Arrays can also store multiple levels of data. At the moment our lottery entries are stored as strings and the numbers are hard to get at. Let's say we wanted to store all six numbers for every lottery week, we would create an array like this:
DIM lottery(52,6)
Without the dollar symbol($), we are declaring the array to store integer numbers instead of strings. You will also notice we have a second number separated by a comma. This means for every array position from 1 to 52, there is a sub-set numbered 1 to 6 in which multiple data can be stored. You can visualize an array as a filing cabinet with large draws numbered 1 to 52. Within each of the 52 draws is a tray with 6 boxes inside. You can store a value in each box. In all you can store 312 (52 x 6) values in this array. You can have up to five dimensions in your array, which means you can create an array as big as (1,2,3,4,5).
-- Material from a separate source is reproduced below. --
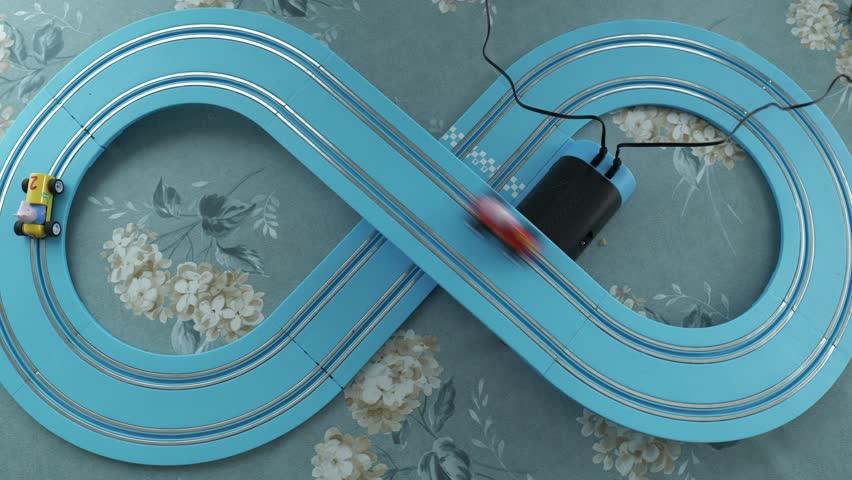 Toy slot cars race on infinity track indoors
Be careful when declaring dimensions as large arrays consume large amounts of memory and may reduce overall performance of your program.
Entering data into our new array is elementary:
lottery(1,1)=43
lottery(1,2)=76
lottery(1,3)=12
lottery(1,4)=34
lottery(1,5)=12
lottery(1,6)=11
lottery(2,1)=43
lottery(2,2)=76
lottery(2,3)=12
lottery(2,4)=34
lottery(2,5)=12
lottery(2,6)=11
You are now able to give your program access to much more useful data. Unlike the string approach, you could make your program count how many times a certain number has appeared.
As you have determined, arrays need to be declared as a particular type. You can have an array of integer numbers, real numbers or strings. You cannot have multiple types in the same array, but you can declare new arrays dedicated to holding such data.